INPUT MATERIAL =>
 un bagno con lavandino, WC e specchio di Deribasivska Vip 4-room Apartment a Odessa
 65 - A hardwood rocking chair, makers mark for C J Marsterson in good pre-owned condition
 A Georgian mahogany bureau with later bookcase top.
--
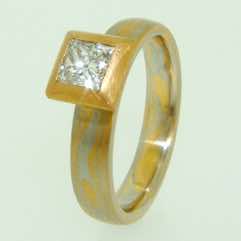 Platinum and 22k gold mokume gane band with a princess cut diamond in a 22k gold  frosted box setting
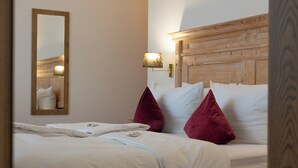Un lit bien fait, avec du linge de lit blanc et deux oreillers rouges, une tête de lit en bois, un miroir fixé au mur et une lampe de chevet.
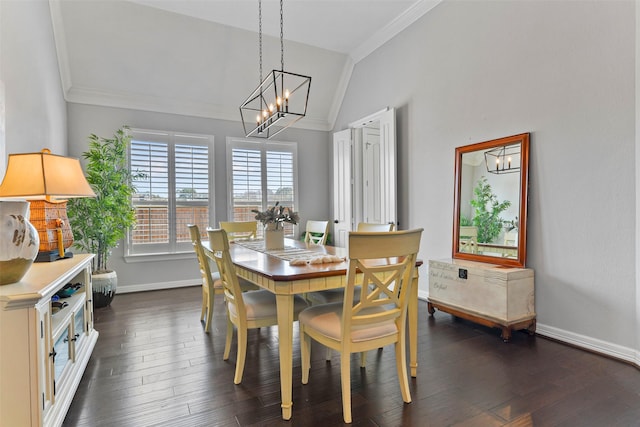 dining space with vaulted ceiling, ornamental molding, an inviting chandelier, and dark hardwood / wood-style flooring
--
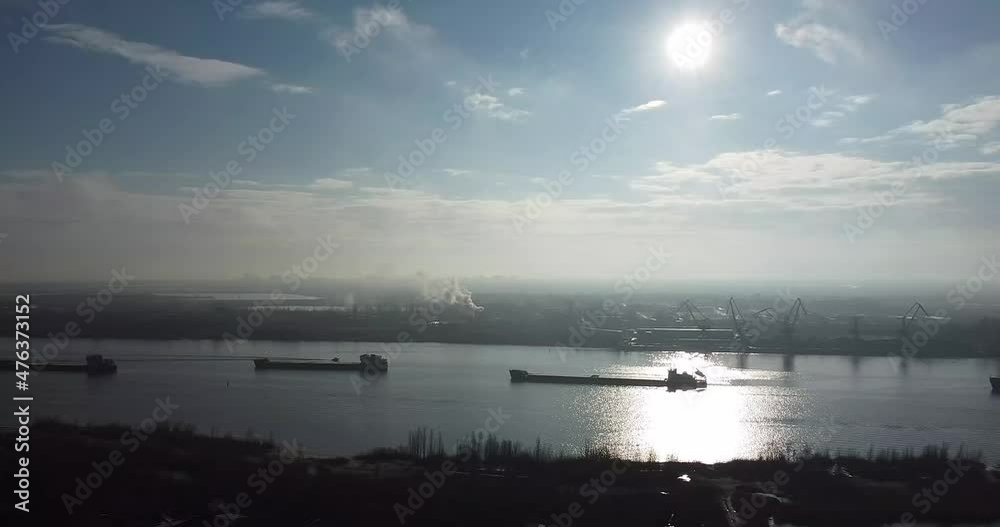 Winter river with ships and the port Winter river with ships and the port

PROBLEM TO WORK ON =>
Pictures are to be left out. Write out only the lines above starting at the one with "Platinum and 22k" and ending at the one with "dining space with", both lines included, exactly.

OUTPUT FOR THIS EXERCISE =>
 Platinum and 22k gold mokume gane band with a princess cut diamond in a 22k gold  frosted box setting
Un lit bien fait, avec du linge de lit blanc et deux oreillers rouges, une tête de lit en bois, un miroir fixé au mur et une lampe de chevet.
 dining space with vaulted ceiling, ornamental molding, an inviting chandelier, and dark hardwood / wood-style flooring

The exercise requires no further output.